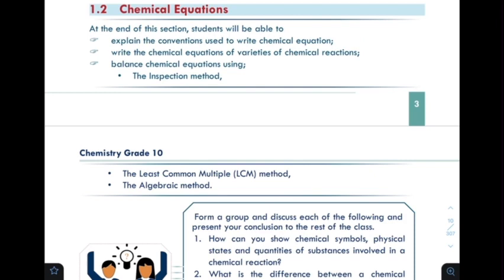We talked about change and the types of change. Physical change is not chemical change. A chemical change involves a chemical reaction.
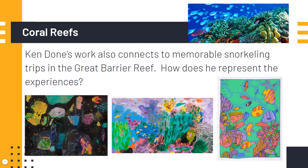Ken Dunn's work also connects to memorable experiences he has in Australia, including snorkeling trips to the Great Barrier Reef. How does this artist represent those experiences?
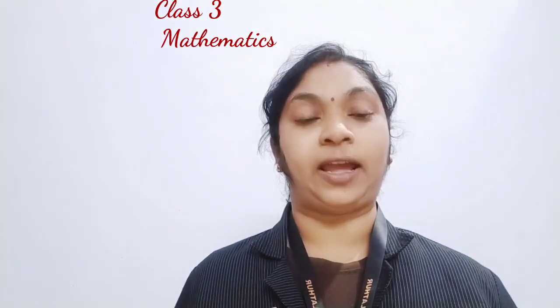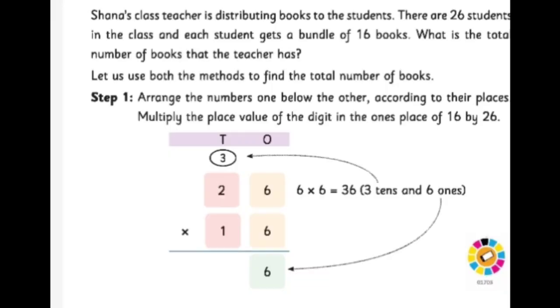I hope you understood. Let's do one more example. Take page number 5. Let me read the question: Shana's class teacher is distributing books to the students. There are 26 students in the class and each student gets a bundle of 16 books. What is the total number of books that the teacher has?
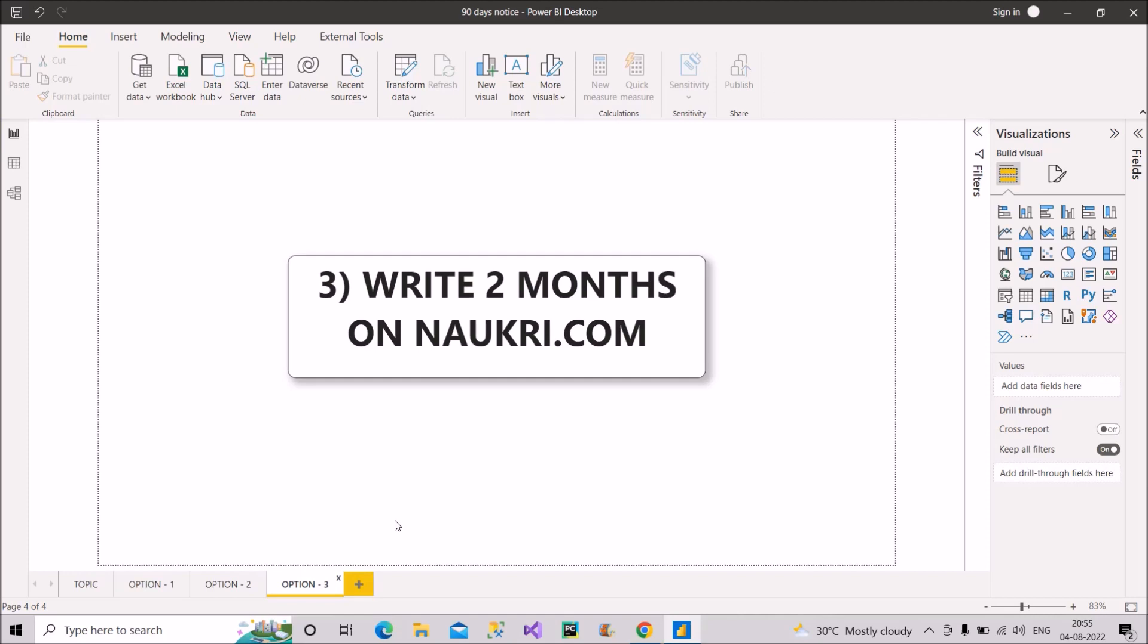So it is very important to have a good rapport with your manager, and then only this option would work out for you. So this is all about option number three.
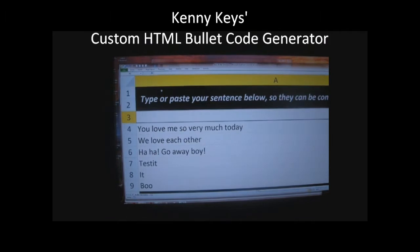The black section writes my code for me. This section right here, the white section, is where I write my sentences that will become the bullets.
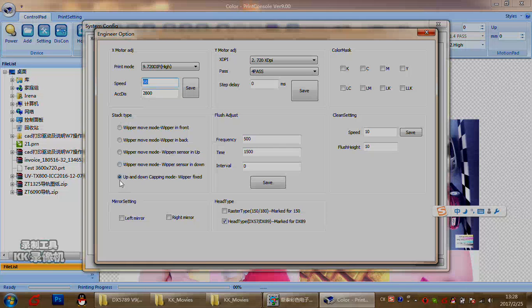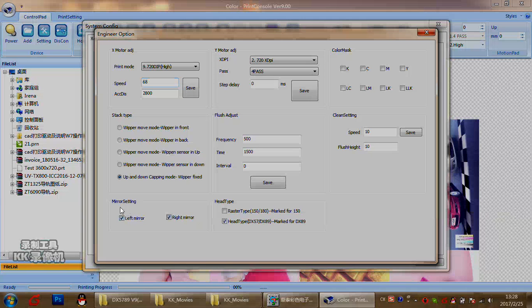This middle setting is specifically for the DX5 print head. If you find the nozzle check shows the nozzle direction is not correct, you can mark here and the nozzle alignment will become correct. For DSA or DX9 heads, there is no need to select this option.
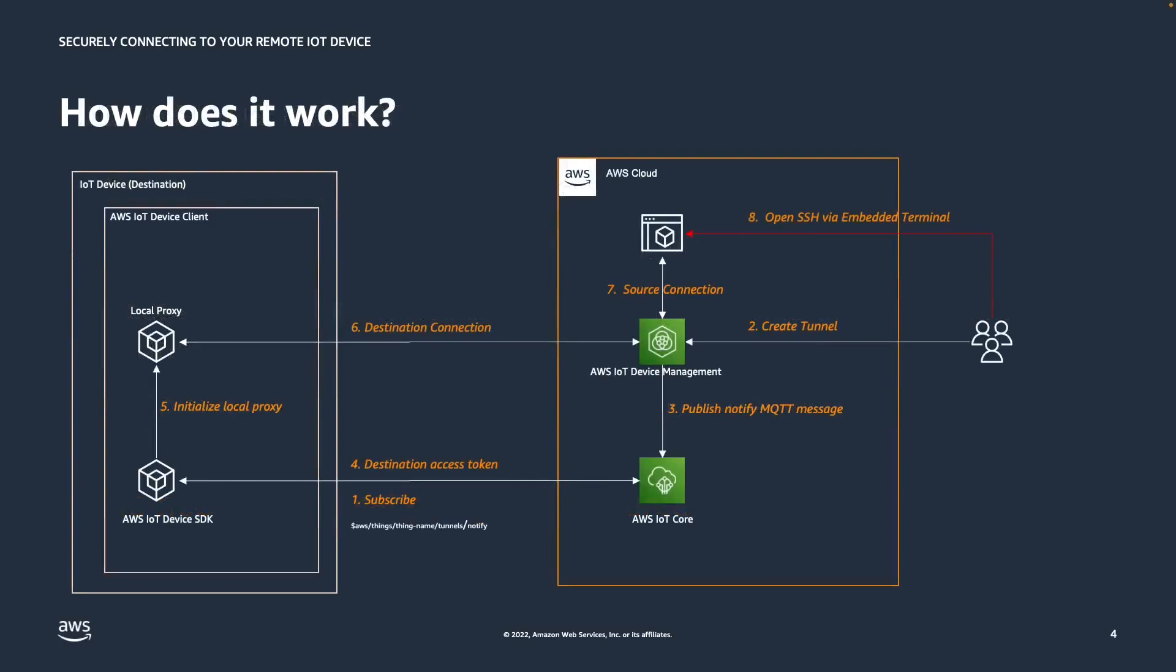So let's talk a little bit about how it works. The first step is for the device to subscribe to the AWS designated topic for receiving the access token. The AWS IoT Device Client already provides an AWS IoT C++ SDK component, which subscribes to this topic.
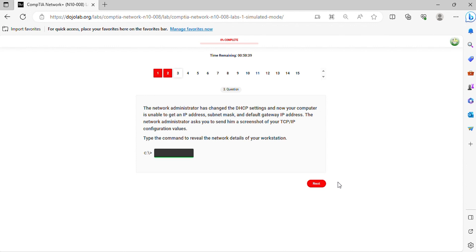The network administrator asks you to send him a screenshot of your TCP IP configuration values. Type the command to reveal the network details of your workstation.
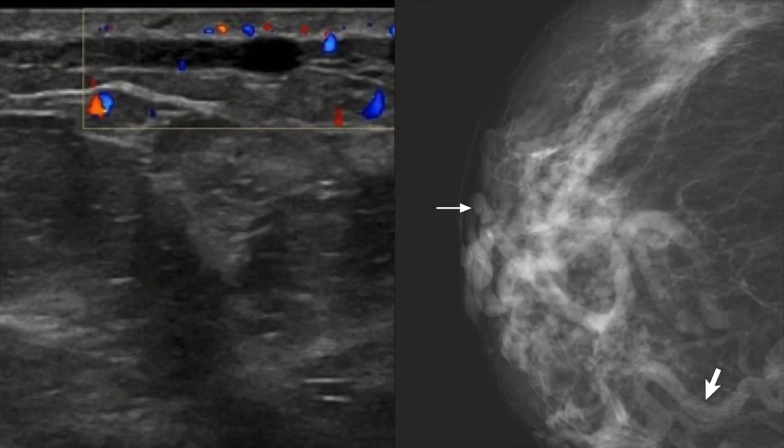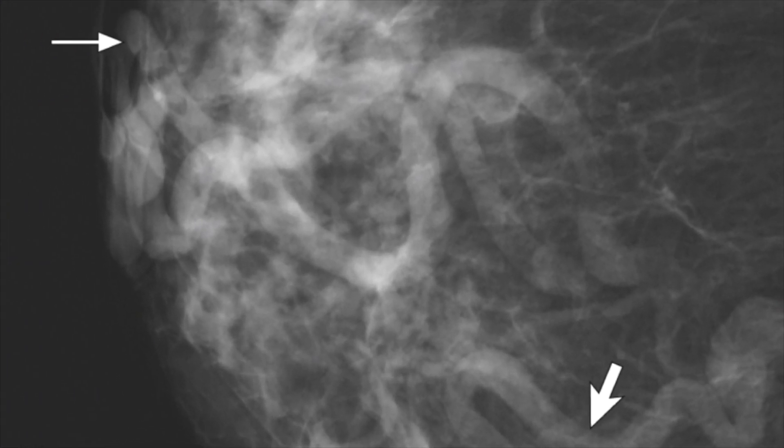On mammography, Mondor's disease can have a negative mammogram or, rarely, a long tubular structure corresponding to the thrombosed vein.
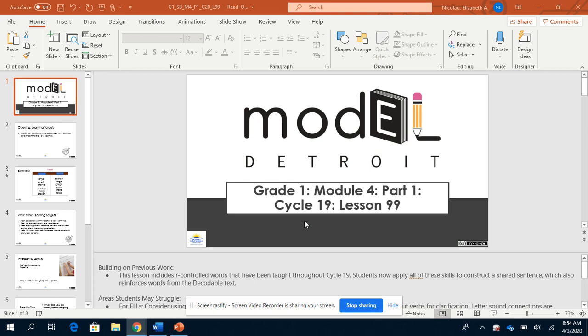Good morning, friends. Today we're going to be doing our skills lesson, Cycle 19, Lesson 99.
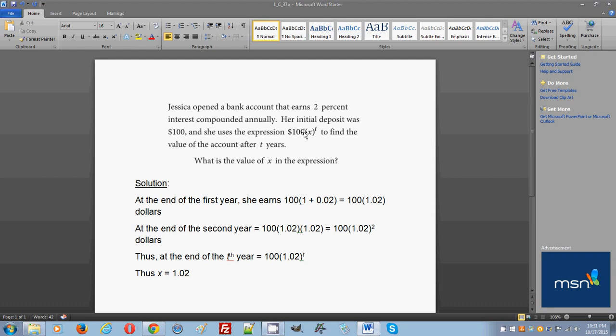Now you're ready to interpret the value of x and to find it actually, because you now have t and you have 100, and the only thing that's missing is the value of x, which should be 1.02. Thus x is equal to 1.02.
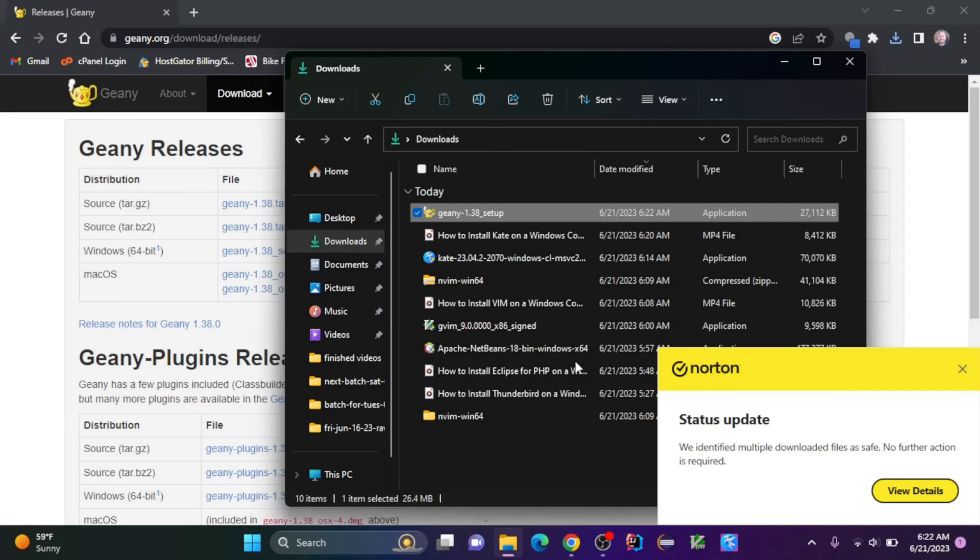I'll keep the destination folder the same, I'll click next, and the startup menu folder, I'll keep the same, I'll click install.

[Prompt] Transcribe, please, the lines from the one holding "Good morning, friends." to the final line of the material, both included, exactly and with no extra lines, and skip the pictures.

[Answer space]
Good morning, friends. Today we're going to be doing our skills lesson, Cycle 19, Lesson 99.
Now you're ready to interpret the value of x and to find it actually, because you now have t and you have 100, and the only thing that's missing is the value of x, which should be 1.02. Thus x is equal to 1.02.
I'll keep the destination folder the same, I'll click next, and the startup menu folder, I'll keep the same, I'll click install.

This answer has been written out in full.